Study on Pyridine-Boryl Radical-Promoted Carbon–Carbon Bond-Forming Reactions

Abstract

Part Ⅰ. Vicinal diol is an important structural motif in synthetic and medicinal chemistry. The pinacol coupling is a common method for the preparation of vicinal diols from carbonyl compounds. Recently, our group reported a metal-free pinacol coupling method that employs persistent pyridine-boryl radical for the ketyl radical generation. This method exhibited excellent efficiency in the coupling of diaryl ketones. However, moderate yield and low diastereoselectivity were obtained with aromatic aldehydes. Reaction condition optimization of the coupling of aromatic aldehydes was conducted. Increasing the reaction temperature was the most effective solution for improving the yield. In situ generated 1,2-bonded diboron was employed for a stereoselective reaction. However, because of the fast background reaction, no significant improvement in er or dr was observed. Preformed 1,2-bonded chiral diboron was employed to impede background reaction, but the yield was significantly low. Part Ⅱ. Compared to the boryl radical-promoted pinacol coupling of benzophenones, the coupling of aromatic aldehydes was less effective presumably because of the low concentration of ketyl radical in the reaction mixture.

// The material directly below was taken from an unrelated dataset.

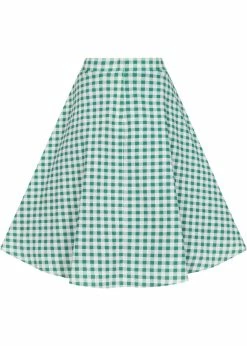 Collectif Veronica Strawberry Gingham 40's Swing Skirt Green 10 Collectif Veronica Strawberry Gingham 40's Swing Skirt Green -KILLSTAR Sales Store collectif SS SS220315C veronica straw gingh swing skirt grn 2 1024x1024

Therefore, stoichiometric radical acceptors were employed as the coupling partner of the ketyl radical. Oxime ether, hydrazone, and imines were examined, and the desired 1,2-aminoalcohol was obtained with N-phenylbezaldimines. However, the coupling of benzaldehyde and aldimine gave unsatisfactory results because the dimerization of imines proceeded predominantly. Thus, benzophenone was employed instead of benzaldehyde for fast ketyl radical generation, but 1,2-diol was obtained as a major product. Part Ⅲ. For chemoselective coupling of ketyl radical and radical acceptor, substrates bearing both carbonyl group and radical acceptor were employed. 2-Allylbenzaldehyde gave both cyclized and dimerized products. With 2-prenylbenzaldehyde, the cyclized product was obtained in moderate yield and low diastereoselectivity. Ester-containing 2-allylic benzaldehyde and 2-cinnamylbenzaldehyde both gave notable dr. Optimization of reaction conditions was conducted with 2-cinnamylbenzaldehyde. The use of an excess amount of effective hydrogen source was a key for improving the yield, and the size of the boronic ester ring was significant for diastereoselectivy control.